BRIEF: Copy each line, word for word, from the one with "[CHÍNH HÃNG] XE" through the final line of the listing, but skip the pictures.

PROVIDED MATERIAL:
▽

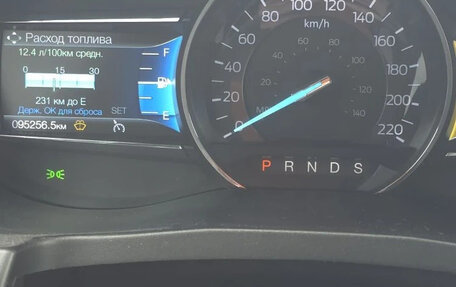 Ford Explorer VI, 2018 год, 3 100 000 рублей, 3 фотография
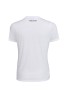 CAMISETA HEAD CLUB BASIC T-SHIRT WOMEN BLANCA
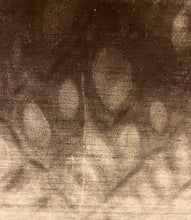 Load image into Gallery viewer, Designer Espresso Brown Textured Velvet Water &amp; Stain Resistant Upholstery Fabric STA 3218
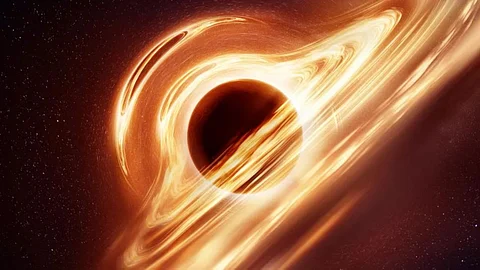 Listen To The First Ever Audio Recording Of The Inside Of A Black Hole 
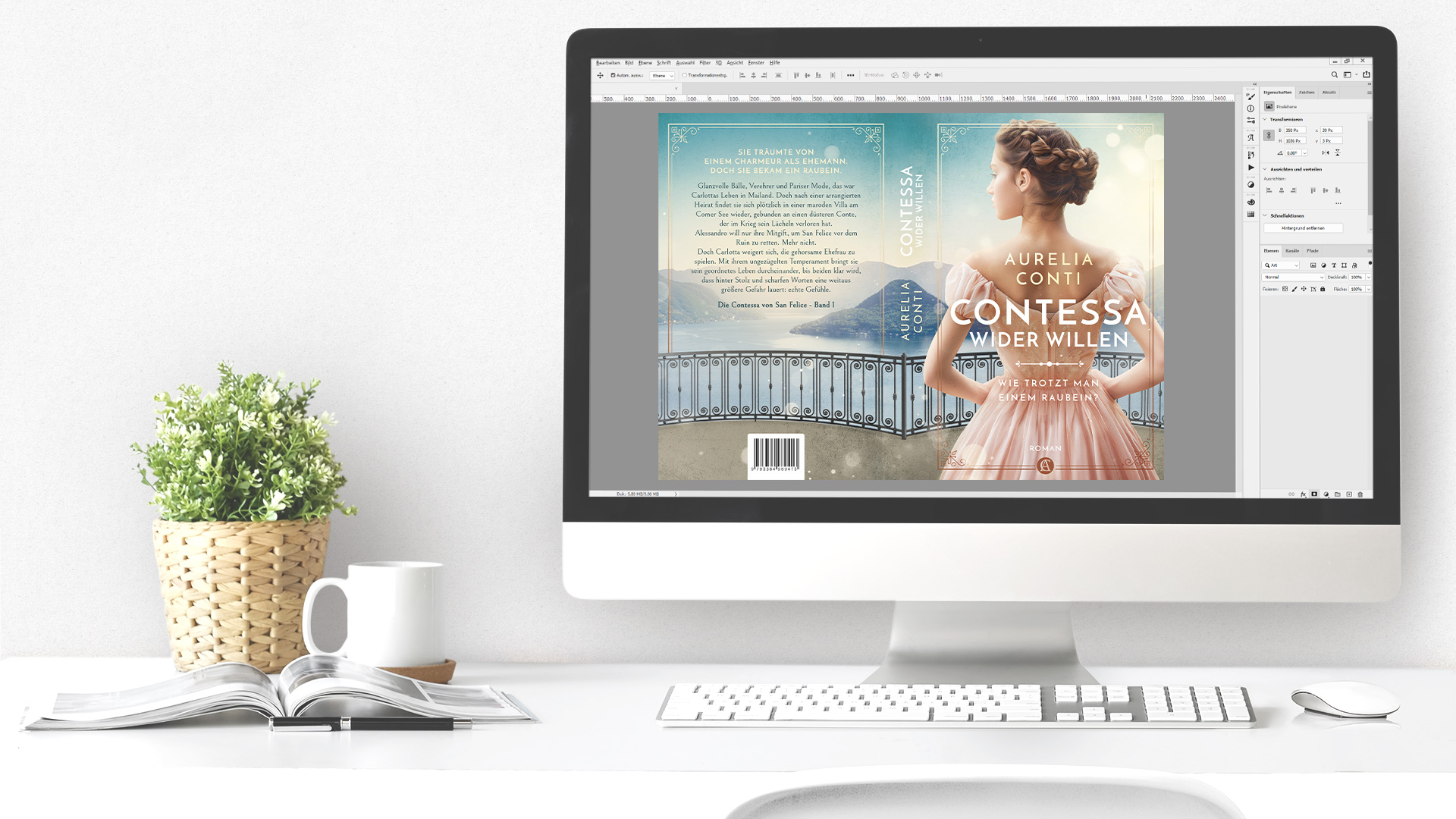 Contessa wider Willen
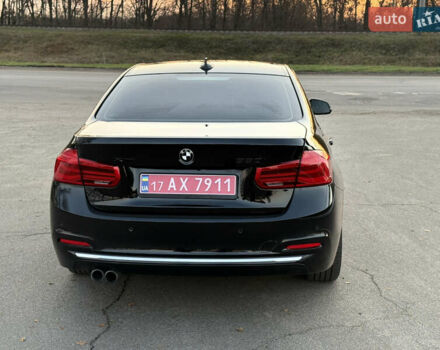 Черный БМВ 3 Серия, объемом двигателя 2 л и пробегом 180 тыс. км за 15999 $, фото 14 на Automoto.ua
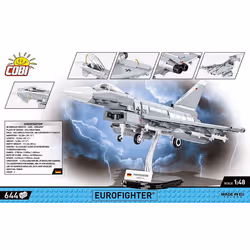 COBI Eurofighter - Vue supplémentaire 4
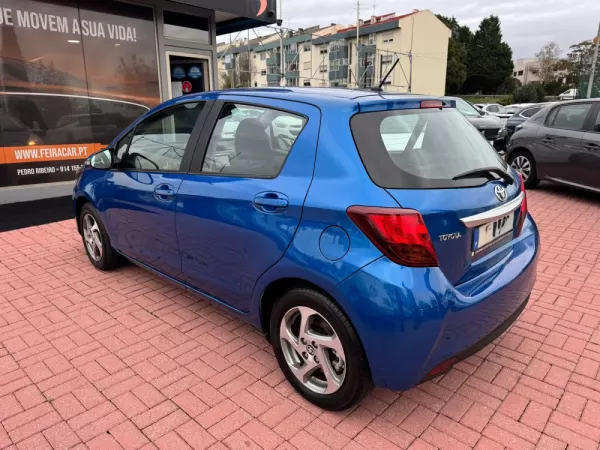 Toyota Yaris 1.5 HSD Comfort+Navi 68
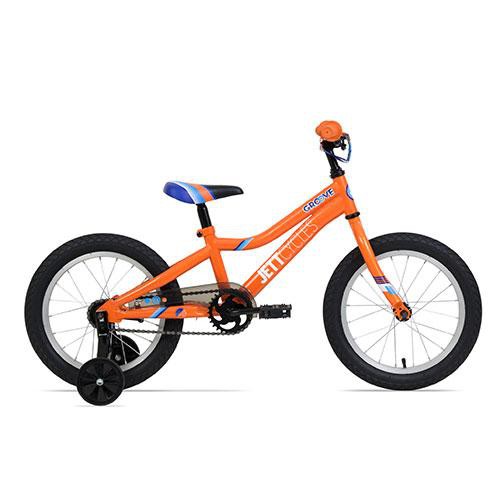 [CHÍNH HÃNG] XE ĐẠP TRẺ EM 4-6 TUỔI JETT CYCLES GROOVE 1.6 (CAM)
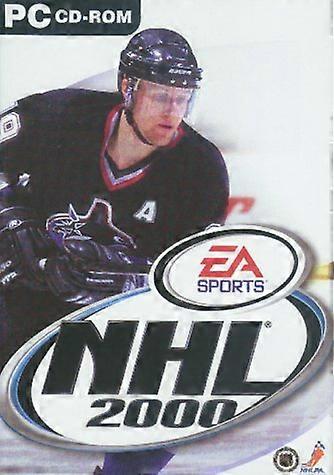 NHL 2000 (DVD Packaging) - PC CD - New & Sealed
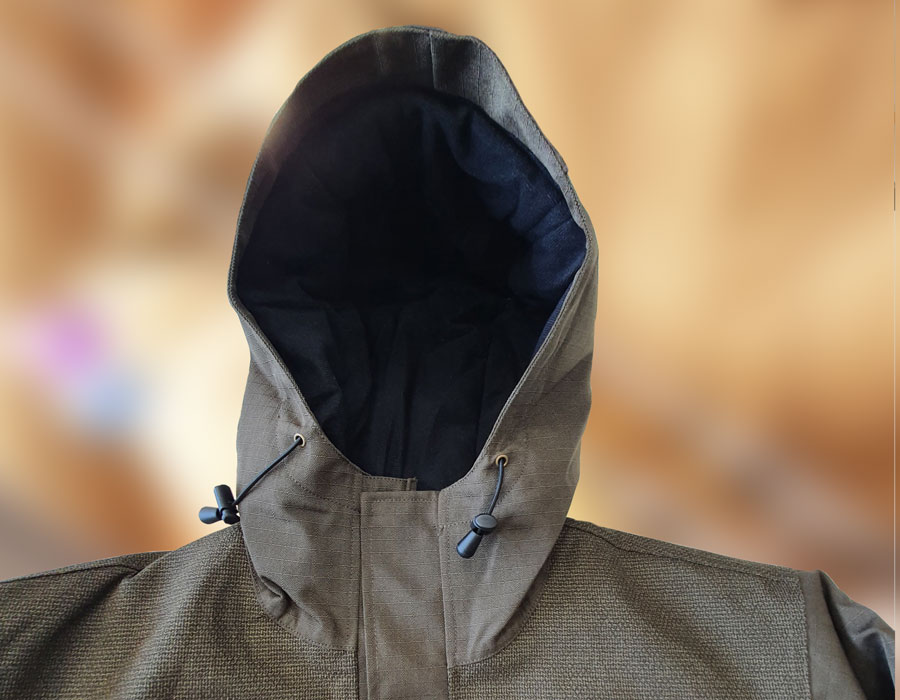 KRYSTON "Session" Jacket size L olive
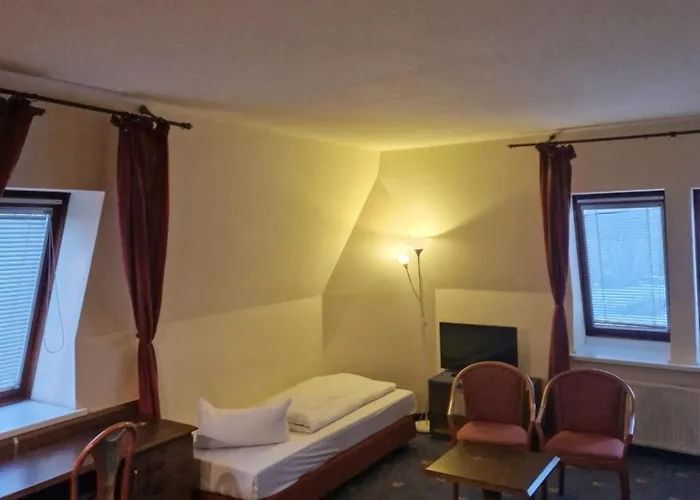 Entrée Hotel Glinde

△

REPLY TO THE TASK:
 [CHÍNH HÃNG] XE ĐẠP TRẺ EM 4-6 TUỔI JETT CYCLES GROOVE 1.6 (CAM)
 NHL 2000 (DVD Packaging) - PC CD - New & Sealed
 KRYSTON "Session" Jacket size L olive
 Entrée Hotel Glinde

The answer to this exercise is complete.